(AVAILABLE DATA Opens)

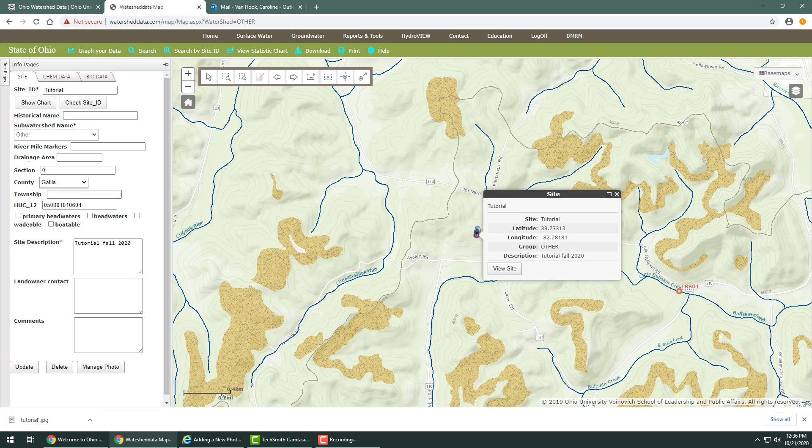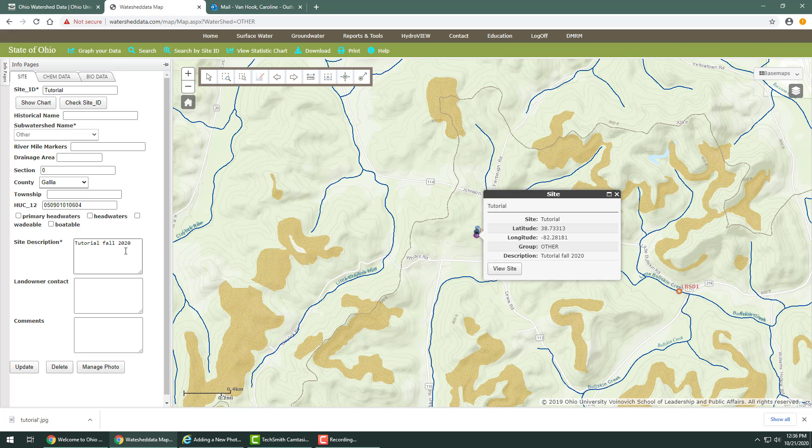The site tab contains information associated with the location of the data point. The more detailed, the better your record will be. You can add new information and click update on the bottom and the new information will be added to the record.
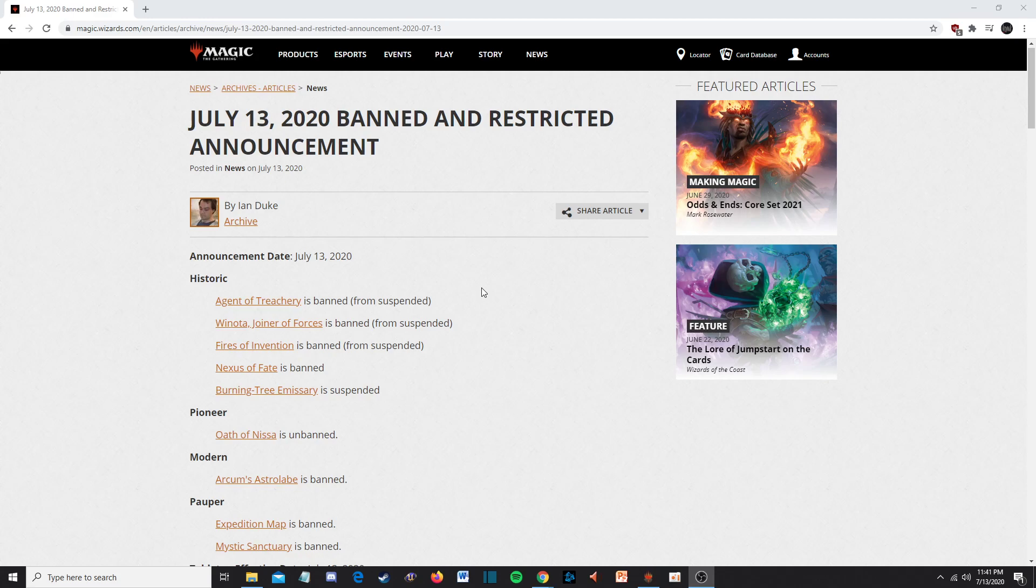Don't get me wrong, I like that Nexus of Fate is banned now. But I think the fact that they even have a suspension list and a banned list anyway, I think that's absolutely ridiculous. There is no real difference. It's almost like they're just trying to use the excuse to make themselves feel better about unbanning cards. Agent of Treachery is no longer suspended, it's banned, which is no surprise.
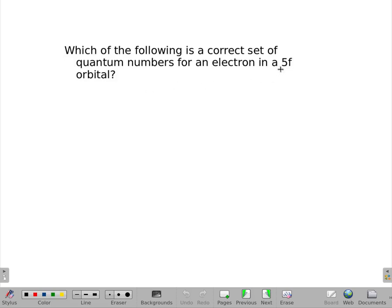The only thing I know from 5f is that n equals 5 and l is — remember how it goes: s, p, d, and f correspond to l = 0, 1, 2, and 3. So in this case, l would have to be 3.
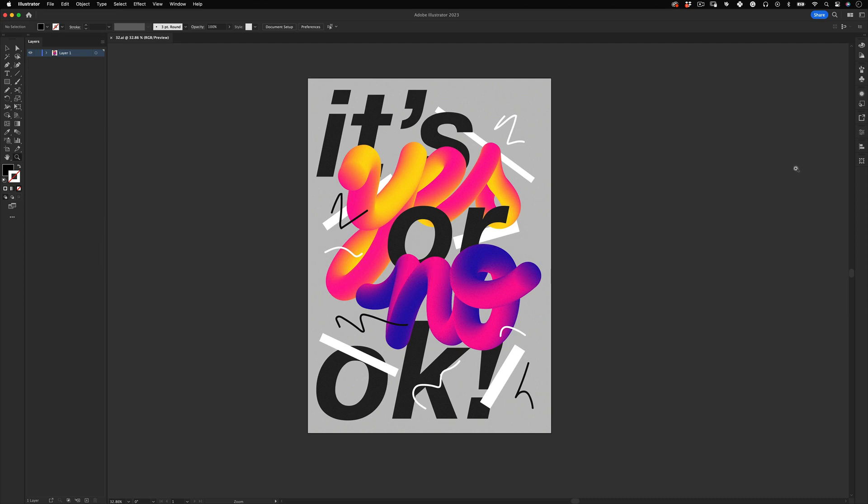Hello everyone and welcome! My name is Marcus and today in this tutorial I will share with you how to design this poster in Adobe Illustrator. So let's go!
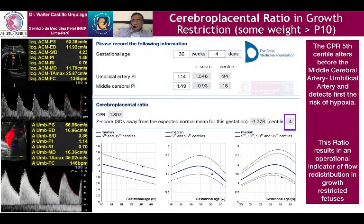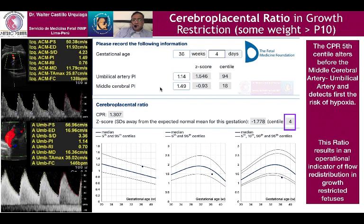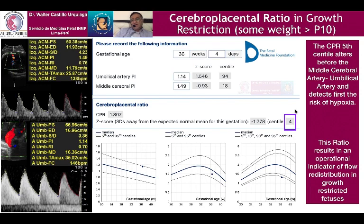In cases of growth restriction like this, 36 weeks and 4 days, we have these values: umbilical artery 1.14, normal centile, and middle cerebral artery 1.49, normal pulsatility index, normal centile. But the relation, cerebral placental ratio 1.30 is abnormal, lesser than the 5th centile — 4th centile.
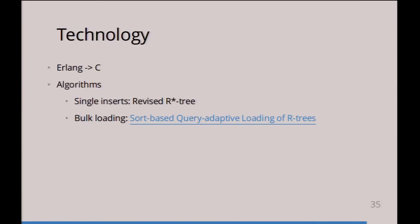From a technology perspective, GeoCouch is mostly Erlang. We're currently porting things to C for performance reasons. The algorithms for single inserts use the Revised R* tree, which is from the same guy who did the R* tree—basically the algorithm you normally use. It's used in Oracle Spatial and PostGIS, so this is the way to go, but this is an even better version.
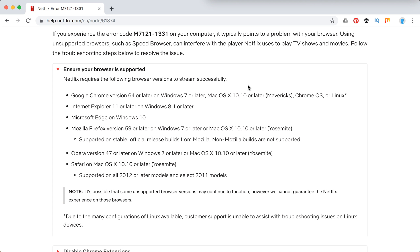Google Chrome with these versions, Internet Explorer 11, Microsoft Edge, Mozilla Firefox, Opera, and Safari.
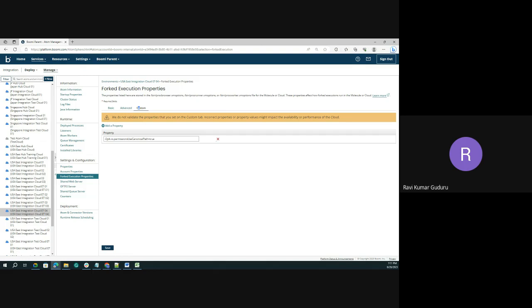Any custom property that you set will be stored in all VM options files: proc_runner, proc_worker, and proc_browser. This will be updated or stored in all these profile levels. Whenever you update this property, it will be stored in all these VM fork execution properties levels.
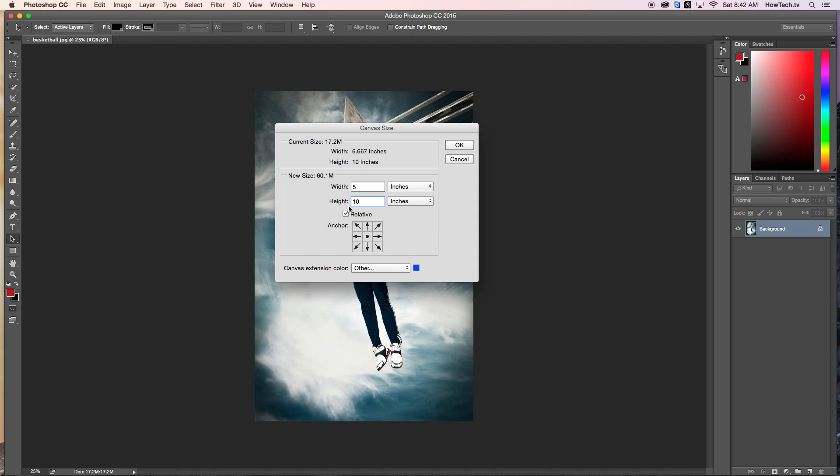From here, adjust the anchor and color. Adjust the anchor point to be in the center of the image. This way, the extra pixels will be added around the center of our image, not the sides.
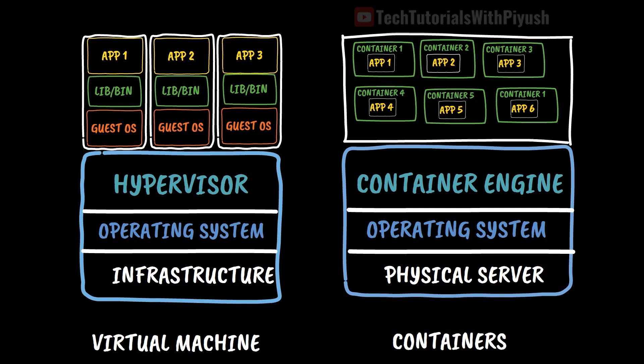Containers have a lot of advantages. They are a lightweight alternative to virtual machines with all the required libraries and binaries packed within. Containers share the host operating system kernel which makes them more efficient and portable than virtual machines.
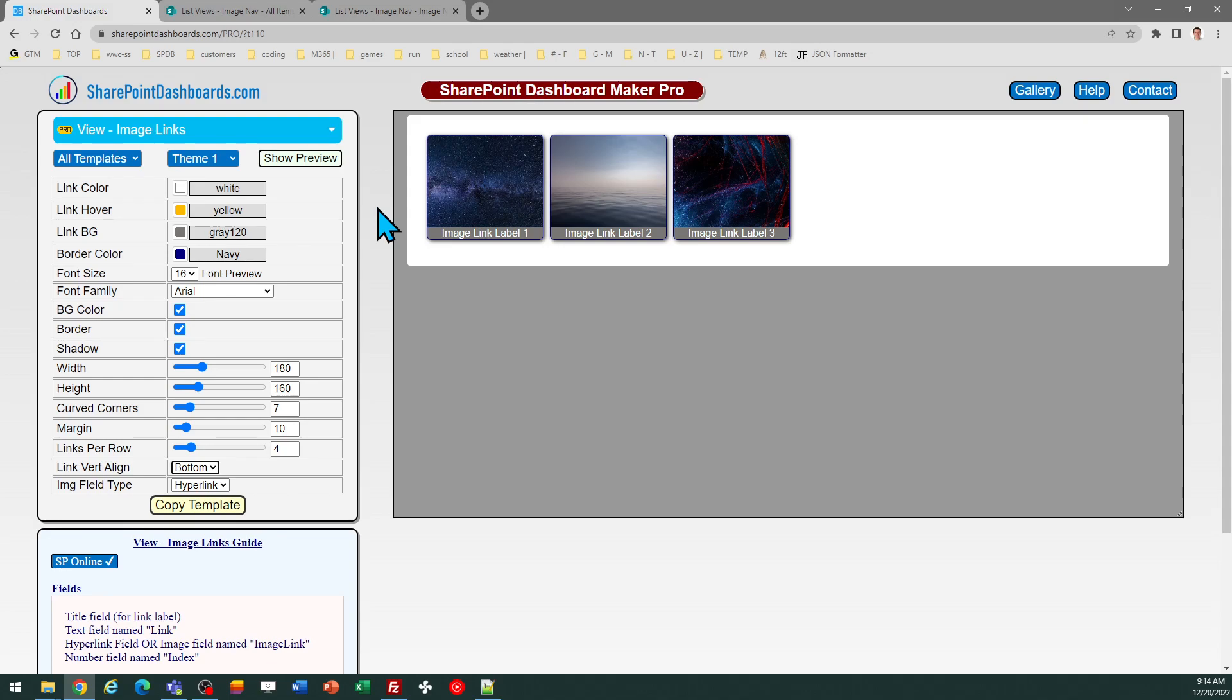Then you can subscribe to have access to a total of more than 120 templates for doing all kinds of different formatting in SharePoint. Hope you like that. Good luck. See you later. Bye.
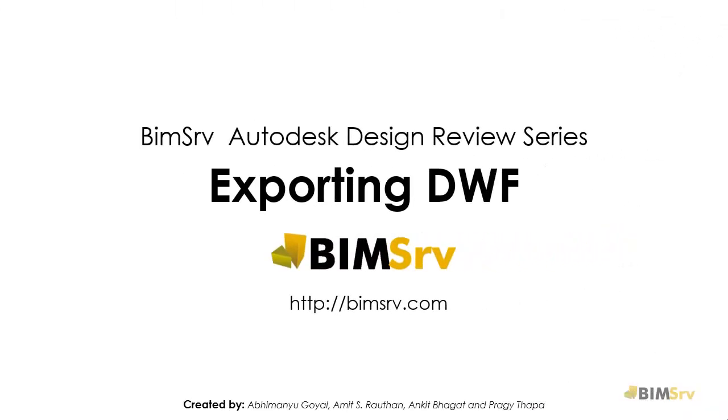Hi, this is Abhimanyu from BIMSERV. In this tutorial, we learn about exporting DWF.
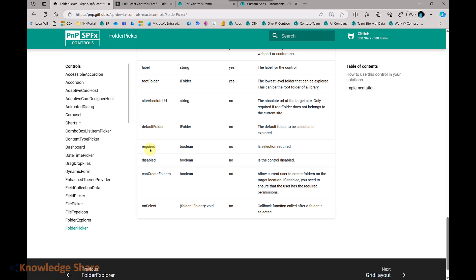There are other properties where you can make the control required or disabled, or whether you want users to be able to create folders. If enabled, you will see an option to create folders. But this doesn't mean the users can create folders unless they have proper permissions configured inside the document library. Enabling this option here doesn't automatically grant permissions — that is very important and must be configured manually.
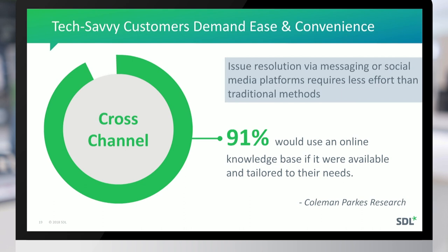Solving problems via messaging and social media platforms is becoming greatly preferred. Some of us have experience with getting technical support through Twitter, where it's much faster than phone systems where you're put on hold and have to provide five pieces of information about who you are. Increasingly customers want very rapid, instant problem resolution. There is clear evidence from multiple studies that online knowledge bases are always preferred when they're available.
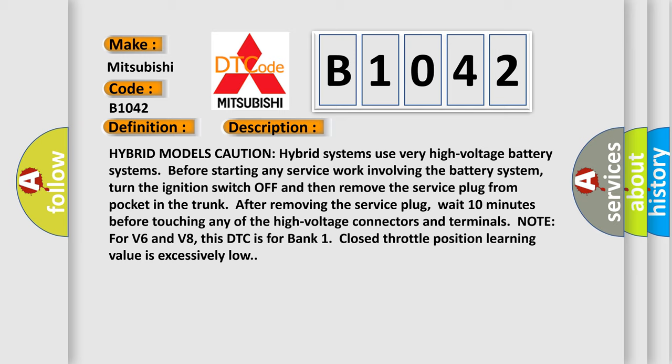Note for V6 and V8: This DTC is for bank one closed throttle position learning value is excessively low.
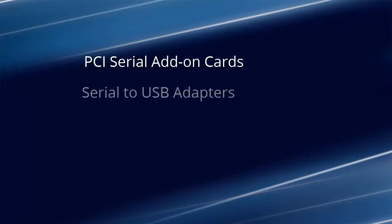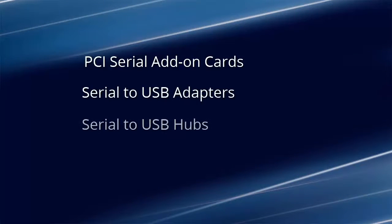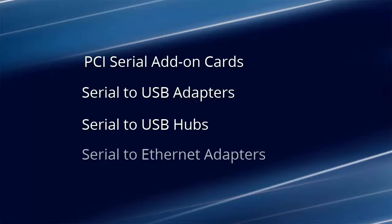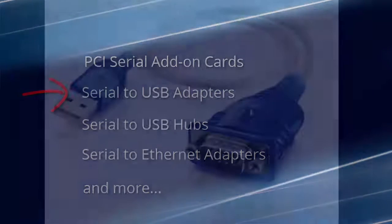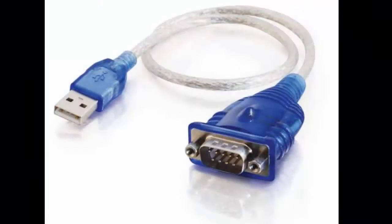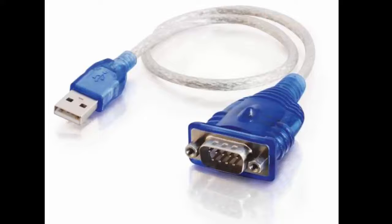Including PCI cards, USB adapters, USB hubs, Ethernet adapters, and more. The most common and readily available is a serial to USB adapter. These are inexpensive and are available at most computer supply stores and many online retailers like Amazon and Cables to Go.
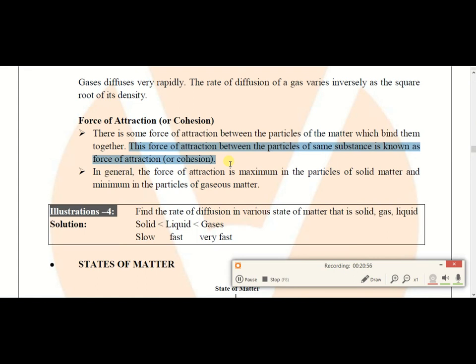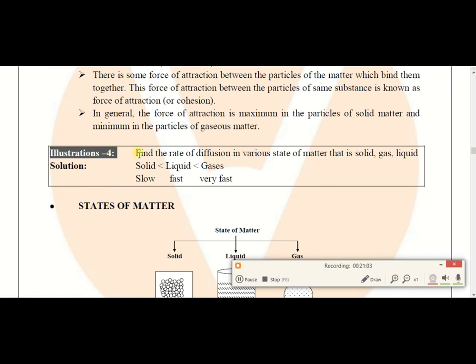To summarize the rate of diffusion in various states of matter: in gases diffusion is fastest, in liquids it is moderate, and in solids it is least. That's all for today. Goodbye.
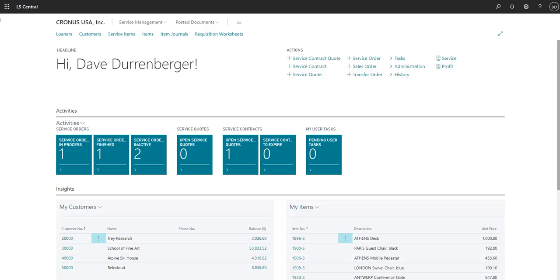In this video, we will show you some of the service management features available in Microsoft Dynamics 365 Business Central.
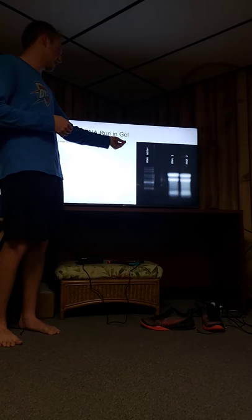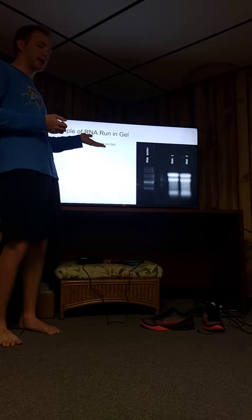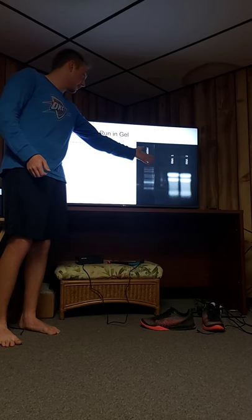So here I have an example, the picture is not the greatest, of what you would run with your samples in order to help determine size. So you have your RNA ladder over here, and then you have your subunits over there.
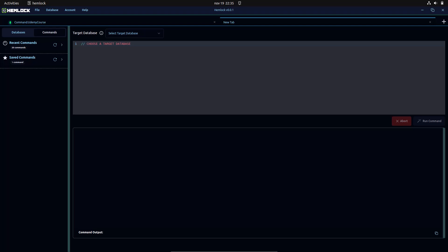Welcome to today's lecture on MongoDB Advanced Queries. In this session, we will dive into some powerful techniques to retrieve and manipulate data in MongoDB.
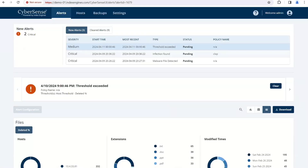With our partners, if you look at the upper left, we have the CyberSense logo. All Dell customers get this, and other partners have branded this. Everything available here is available through APIs. We have partners that have changed the colors to match their branding, changed their logo, and rebranded it.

(AVAILABLE DATA Closes)

▶ [BRIEF]: Quote only the lines that start at the line holding "In this video, we" and end at the last line of the entries, including both of those lines, and omit every picture.

▶ [WRITTEN REPLY]:
In this video, we will show you some of the service management features available in Microsoft Dynamics 365 Business Central.
So here I have an example, the picture is not the greatest, of what you would run with your samples in order to help determine size. So you have your RNA ladder over here, and then you have your subunits over there.
Welcome to today's lecture on MongoDB Advanced Queries. In this session, we will dive into some powerful techniques to retrieve and manipulate data in MongoDB.
With our partners, if you look at the upper left, we have the CyberSense logo. All Dell customers get this, and other partners have branded this. Everything available here is available through APIs. We have partners that have changed the colors to match their branding, changed their logo, and rebranded it.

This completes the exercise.